# Practice with Dictionaries & Counters

NLP Challenges to introduce Counters and practice more with dictionaries and lists.

## Counters

Counters are a subclass aka subtype of `Dictionaries`. They're useful for quickly counting / tallying things up.


Key difference from dictionaries
* return 0 count for missing items instead of returning a key error

In [None]:
from collections import Counter
# import the counter class from collections module

In [None]:
c = Counter(['eggs', 'ham'])
c

In [None]:
# The key "green_eggs" does not exist in our counter
c['green_eggs']

Similar to dictionaries, you can retrieve elements with the key

In [None]:
c['eggs']

We can iterate values

In [None]:
c['eggs'] += 1

In [None]:
print(c['eggs'])

Usefulness of having a default key of zero

In [None]:
color_counts = Counter()

for word in ['red', 'blue', 'red', 'green', 'blue', 'blue']:
    color_counts[word] += 1

In [None]:
color_counts

# NLP Example

Practice with Lists, Dictionaries

In [None]:
import requests

response = requests.get("https://raw.githubusercontent.com/khushmeeet/potter-nlp/master/final_data/book1.txt")
data = response.text

### 1.Inspect the data

* What type of object is the `data` variable?
* What's the length of the `data` variable?
* How many words and characters?
* What does the text look like? (can you look at part / subset of the data?)
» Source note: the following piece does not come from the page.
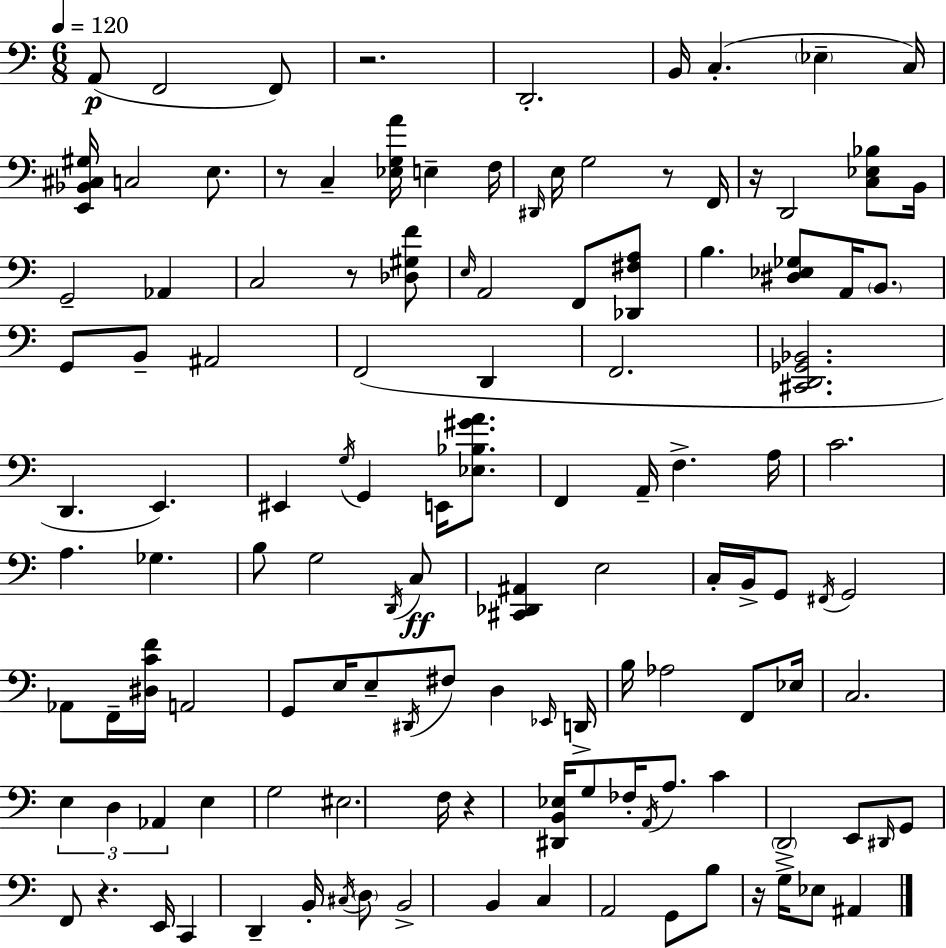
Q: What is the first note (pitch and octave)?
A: A2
To count word occurances, we might want to split text from a single huge string to individual words or tokens. We could split using string split

In [None]:
# split the first 50 characters into tokens by their space character
data[260:300].split(" ")

However, this will make it more challenging to count characters like "mrs. dursley" whose names are multiple words. Let's replace this name with something else before we count the occurances of characters.
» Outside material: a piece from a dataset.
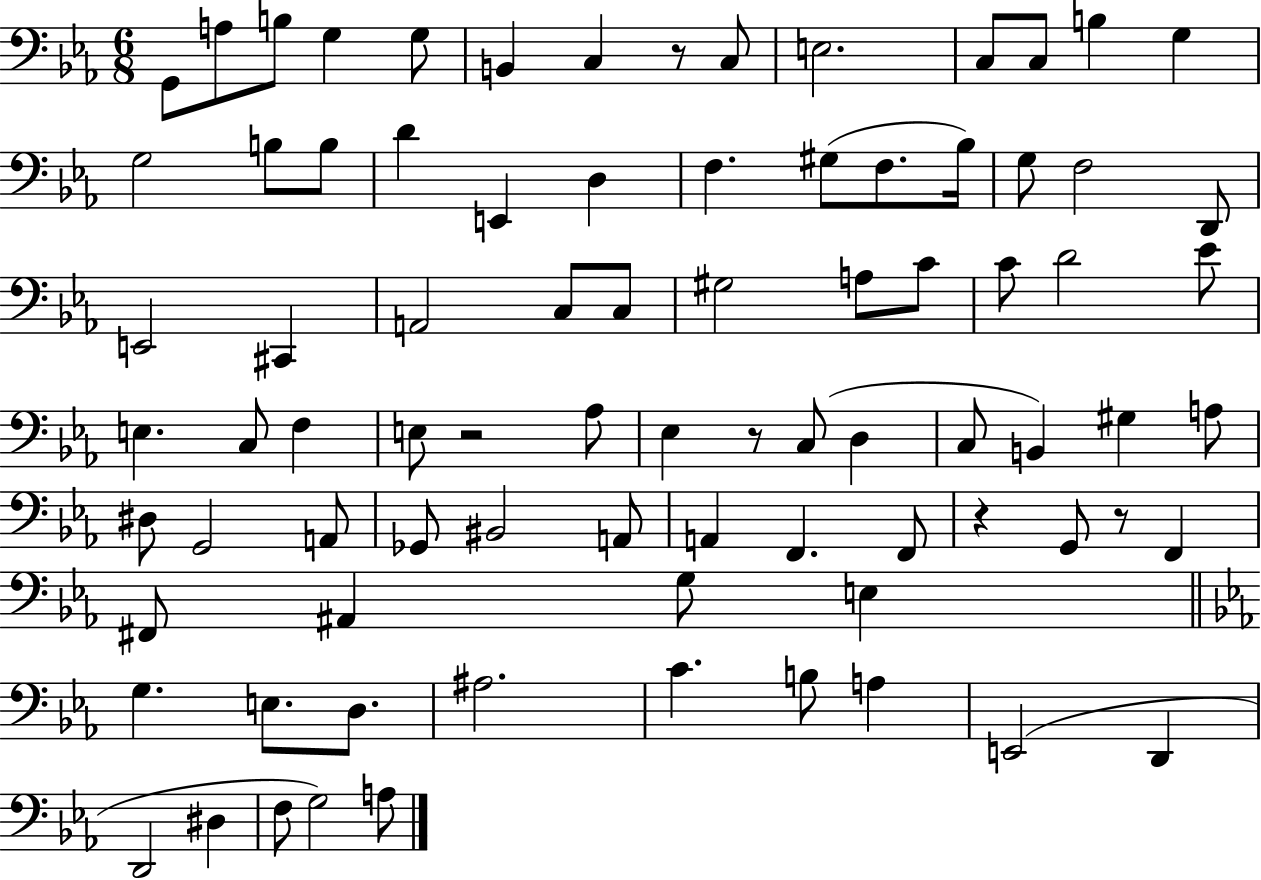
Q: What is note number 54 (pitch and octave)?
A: BIS2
### 3. Correct some mistakes

We realize that our naive tokenization (splitting our full text string into individual words made some errors.

Using the dictionary mapping the original text to our desired replacement, replace these substrings in the original data.

In [None]:
# Dictionary mapping a substring to its replacement
corrections = {'mr. and mrs. dursley': 'the_dursleys',
               'mr. dursley': 'mr_dursley',
               'mrs. dursley': 'mrs_dursley'
              }

### 4. Split data into tokens

Make a list of strings, where each element of the list contains a word in the `data` variable. To simplify things we can split words on space character only.

### 4. How many times does each characters name appear?

In [None]:
hp_chars = list(corrections.values()) + ['harry', 'hagrid', 'dumbledore', 'hermione','ron']

### 5. Plot your results

Read the documentation for Seaborn barplot to learn how to make a chart: https://seaborn.pydata.org/generated/seaborn.barplot.html

There's some helper code to convert our dictionary into a new object type a Pandas `DataFrame` to match the Seaborn documentation and examples.

In [None]:
import seaborn as sns
import pandas as pd

In [None]:
# we're going to make a DataFrame object from our dictionary
data = pd.DataFrame(char_counts.values(), char_counts.keys())
# I'm renaming the columns and resetting the index to match the Seaborn tutorial
data = data.reset_index().rename(columns={'index': 'character', 0:'num_occurances'})

Now we have a DataFrame with one row for each character, and two columns `character` and `num_occurances`

In [None]:
data

In [None]:
# We can remove harry from the dataset if we want
# df = df[df['character'] != 'harry']